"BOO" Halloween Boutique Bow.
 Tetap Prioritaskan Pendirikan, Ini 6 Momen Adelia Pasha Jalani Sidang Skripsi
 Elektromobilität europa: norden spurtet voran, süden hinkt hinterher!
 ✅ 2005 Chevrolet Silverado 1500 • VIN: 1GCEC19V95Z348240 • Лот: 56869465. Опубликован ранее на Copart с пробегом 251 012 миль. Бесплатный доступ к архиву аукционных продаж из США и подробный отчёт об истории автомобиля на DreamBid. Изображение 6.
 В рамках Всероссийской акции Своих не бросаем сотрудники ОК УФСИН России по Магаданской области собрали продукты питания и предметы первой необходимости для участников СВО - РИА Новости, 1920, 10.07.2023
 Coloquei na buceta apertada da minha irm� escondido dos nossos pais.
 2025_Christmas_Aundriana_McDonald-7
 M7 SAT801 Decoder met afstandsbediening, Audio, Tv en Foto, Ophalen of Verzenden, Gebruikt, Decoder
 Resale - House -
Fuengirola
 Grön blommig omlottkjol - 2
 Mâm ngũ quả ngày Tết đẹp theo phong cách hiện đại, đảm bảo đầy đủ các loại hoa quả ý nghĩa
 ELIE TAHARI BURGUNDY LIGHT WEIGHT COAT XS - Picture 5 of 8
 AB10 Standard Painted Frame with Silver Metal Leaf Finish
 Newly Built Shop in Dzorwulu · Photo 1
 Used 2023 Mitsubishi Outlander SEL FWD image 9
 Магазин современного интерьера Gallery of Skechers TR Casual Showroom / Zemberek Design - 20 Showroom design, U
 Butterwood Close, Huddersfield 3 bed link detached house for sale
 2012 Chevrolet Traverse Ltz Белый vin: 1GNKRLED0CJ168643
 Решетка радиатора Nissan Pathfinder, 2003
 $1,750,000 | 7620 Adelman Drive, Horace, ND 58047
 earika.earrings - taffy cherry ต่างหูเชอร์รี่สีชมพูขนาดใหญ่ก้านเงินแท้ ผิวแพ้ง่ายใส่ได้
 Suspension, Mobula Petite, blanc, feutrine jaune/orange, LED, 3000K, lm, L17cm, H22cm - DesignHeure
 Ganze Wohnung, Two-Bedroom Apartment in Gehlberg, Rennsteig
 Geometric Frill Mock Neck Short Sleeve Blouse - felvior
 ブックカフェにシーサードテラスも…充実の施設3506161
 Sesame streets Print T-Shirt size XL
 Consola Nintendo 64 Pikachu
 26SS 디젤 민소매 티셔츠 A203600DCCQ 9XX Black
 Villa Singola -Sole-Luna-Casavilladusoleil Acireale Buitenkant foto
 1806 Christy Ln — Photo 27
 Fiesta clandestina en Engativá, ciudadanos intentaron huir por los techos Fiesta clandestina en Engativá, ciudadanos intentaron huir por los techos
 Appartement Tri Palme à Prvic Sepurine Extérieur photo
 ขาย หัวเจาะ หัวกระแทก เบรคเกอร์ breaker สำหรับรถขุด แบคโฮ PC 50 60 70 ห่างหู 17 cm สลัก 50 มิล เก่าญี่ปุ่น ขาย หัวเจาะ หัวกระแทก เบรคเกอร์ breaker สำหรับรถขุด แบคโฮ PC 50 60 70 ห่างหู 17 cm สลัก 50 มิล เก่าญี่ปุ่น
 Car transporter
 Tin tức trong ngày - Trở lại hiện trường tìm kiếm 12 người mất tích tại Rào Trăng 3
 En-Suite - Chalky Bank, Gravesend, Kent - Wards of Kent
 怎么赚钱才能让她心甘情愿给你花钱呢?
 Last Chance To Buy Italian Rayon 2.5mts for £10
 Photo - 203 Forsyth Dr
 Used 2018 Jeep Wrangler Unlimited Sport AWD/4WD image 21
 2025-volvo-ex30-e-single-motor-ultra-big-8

# # # # #

Exercise description: Please report every line among the entries that includes "Used".

Exercise output:
 Used 2023 Mitsubishi Outlander SEL FWD image 9
 Used 2018 Jeep Wrangler Unlimited Sport AWD/4WD image 21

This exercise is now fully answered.